Of those who were familiar with the Pfizer pill, the poll found 84% are likely to take it if they test positive for the coronavirus, with no large differences between generations, racial groups, or political affiliations.
But there was one key difference: 91% of vaccinated people would take the pill, but only 52% of all unvaccinated Americans said they are very or somewhat likely to do do so. The likelihood an unvaccinated person would take the pill dropped even further — to 35% — among those who said they would never get vaccinated, compared to unvaccinated people who said they will “wait and see.”
To an extent, the findings seem to mirror the calcified views held toward Covid-19 vaccines for the past year. For instance, political affiliations do underscore somewhat differing perceptions of the Pfizer pill, not just vaccines. Nine in 10 Democrats who are familiar with the pill think it will effectively help manage the virus, compared with 79% of Republicans who knew about Paxlovid.
Overall, slightly less than half — or 46% — of all unvaccinated Americans indicated they are unwilling to receive a vaccine or the Pfizer pill. Breaking it down, nearly half of unvaccinated women, millennials, members of Gen X, and Republicans were unwilling to get vaccinated or take the pill, if they were to get infected.

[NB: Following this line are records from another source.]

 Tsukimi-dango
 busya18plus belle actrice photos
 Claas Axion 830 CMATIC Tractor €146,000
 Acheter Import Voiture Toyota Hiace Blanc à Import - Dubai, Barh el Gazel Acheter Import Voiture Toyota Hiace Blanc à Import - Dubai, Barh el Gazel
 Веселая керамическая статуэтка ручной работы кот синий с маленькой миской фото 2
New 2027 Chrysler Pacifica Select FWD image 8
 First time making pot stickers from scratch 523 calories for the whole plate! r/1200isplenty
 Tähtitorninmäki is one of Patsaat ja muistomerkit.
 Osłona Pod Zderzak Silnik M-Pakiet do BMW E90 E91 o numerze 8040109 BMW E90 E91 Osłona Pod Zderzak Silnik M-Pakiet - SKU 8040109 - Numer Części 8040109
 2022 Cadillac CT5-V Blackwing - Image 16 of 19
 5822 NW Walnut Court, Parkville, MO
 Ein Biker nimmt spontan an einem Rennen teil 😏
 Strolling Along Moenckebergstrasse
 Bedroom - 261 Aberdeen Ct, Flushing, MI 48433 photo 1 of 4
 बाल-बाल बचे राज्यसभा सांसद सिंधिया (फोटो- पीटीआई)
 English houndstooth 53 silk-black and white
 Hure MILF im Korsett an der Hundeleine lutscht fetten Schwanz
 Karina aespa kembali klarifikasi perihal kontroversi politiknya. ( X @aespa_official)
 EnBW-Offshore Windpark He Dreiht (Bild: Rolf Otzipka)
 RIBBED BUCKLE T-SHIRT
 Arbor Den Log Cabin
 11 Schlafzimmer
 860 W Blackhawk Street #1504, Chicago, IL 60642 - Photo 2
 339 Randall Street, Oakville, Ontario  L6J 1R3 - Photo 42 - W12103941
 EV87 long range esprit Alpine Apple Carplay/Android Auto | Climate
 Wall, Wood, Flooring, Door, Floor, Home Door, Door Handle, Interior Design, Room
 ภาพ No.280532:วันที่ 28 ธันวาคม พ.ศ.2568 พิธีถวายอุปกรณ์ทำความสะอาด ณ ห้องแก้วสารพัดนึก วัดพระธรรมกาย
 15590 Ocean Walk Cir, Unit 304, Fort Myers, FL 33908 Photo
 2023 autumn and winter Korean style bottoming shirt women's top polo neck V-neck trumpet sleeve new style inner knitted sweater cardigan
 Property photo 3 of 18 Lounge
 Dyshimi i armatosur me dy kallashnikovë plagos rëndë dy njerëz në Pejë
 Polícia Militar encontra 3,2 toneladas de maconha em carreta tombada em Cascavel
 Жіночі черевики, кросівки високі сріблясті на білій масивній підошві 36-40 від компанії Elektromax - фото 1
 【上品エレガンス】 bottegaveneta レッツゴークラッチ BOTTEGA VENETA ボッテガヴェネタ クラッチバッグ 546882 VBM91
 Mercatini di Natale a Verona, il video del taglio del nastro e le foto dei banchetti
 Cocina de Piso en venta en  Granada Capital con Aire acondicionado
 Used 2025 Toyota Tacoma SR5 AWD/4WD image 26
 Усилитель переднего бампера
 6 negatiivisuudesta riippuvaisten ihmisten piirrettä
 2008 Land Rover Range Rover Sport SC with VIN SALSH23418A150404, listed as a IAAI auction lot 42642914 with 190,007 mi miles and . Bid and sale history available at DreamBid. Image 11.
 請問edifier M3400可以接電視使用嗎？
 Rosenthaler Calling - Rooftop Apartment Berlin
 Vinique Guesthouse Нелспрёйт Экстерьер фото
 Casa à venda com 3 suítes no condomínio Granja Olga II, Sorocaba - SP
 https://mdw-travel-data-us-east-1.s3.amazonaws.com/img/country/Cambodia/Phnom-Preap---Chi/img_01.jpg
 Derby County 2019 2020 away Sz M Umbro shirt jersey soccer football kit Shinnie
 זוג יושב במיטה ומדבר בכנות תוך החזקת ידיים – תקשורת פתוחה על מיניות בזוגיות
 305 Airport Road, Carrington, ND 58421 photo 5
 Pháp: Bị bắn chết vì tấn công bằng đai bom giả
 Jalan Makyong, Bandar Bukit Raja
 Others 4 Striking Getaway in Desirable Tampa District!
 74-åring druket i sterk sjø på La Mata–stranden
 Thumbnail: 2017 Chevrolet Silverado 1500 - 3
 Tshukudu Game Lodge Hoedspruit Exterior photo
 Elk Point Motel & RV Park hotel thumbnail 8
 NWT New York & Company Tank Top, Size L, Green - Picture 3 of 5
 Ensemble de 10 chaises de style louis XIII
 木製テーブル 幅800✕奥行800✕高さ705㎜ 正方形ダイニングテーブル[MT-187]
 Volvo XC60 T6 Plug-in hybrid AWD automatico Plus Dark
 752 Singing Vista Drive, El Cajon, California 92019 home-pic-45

Slightly more than half of unvaccinated people living in rural areas and those identifying as politically independent would avoid both.
Yet some unvaccinated Americans who are familiar with the Pfizer pill would prefer it to a vaccine. Why? One in five believes the development of the vaccines was rushed, but not the development of the pill. A similar proportion find taking pills safer and also less invasive. (We should note the poll occurred before the FDA authorized a pill from Merck that offers less effectiveness than Paxlovid and has generated less enthusiasm).
By contrast, nearly six in 10 of those who are vaccinated believe the pill can supplement vaccines in the fight against the pandemic, compared with 31% of unvaccinated Americans who are aware of Paxlovid. However, nearly a quarter of those who are vaccinated wrongly believe the pill will reduce the need for vaccines and boosters, and that increases to 40% among those who are unvaccinated.
“Paxlovid’s initial market is more likely to be vaccinated (and boosted) urban liberals who are older, or who have chronic conditions,” said John Gerzema, the Harris Poll chief executive officer.
“However, there are hopeful signs for the drug to be more widely accepted as nearly eight in 10 Republicans consider it effective and nearly a quarter of the unvaccinated believe the pill ‘was not rushed’ and prefer it to a jab. As America ‘surfs variants’, you could see it — and Merck’s pill — becoming a popular way to treat future exposures.”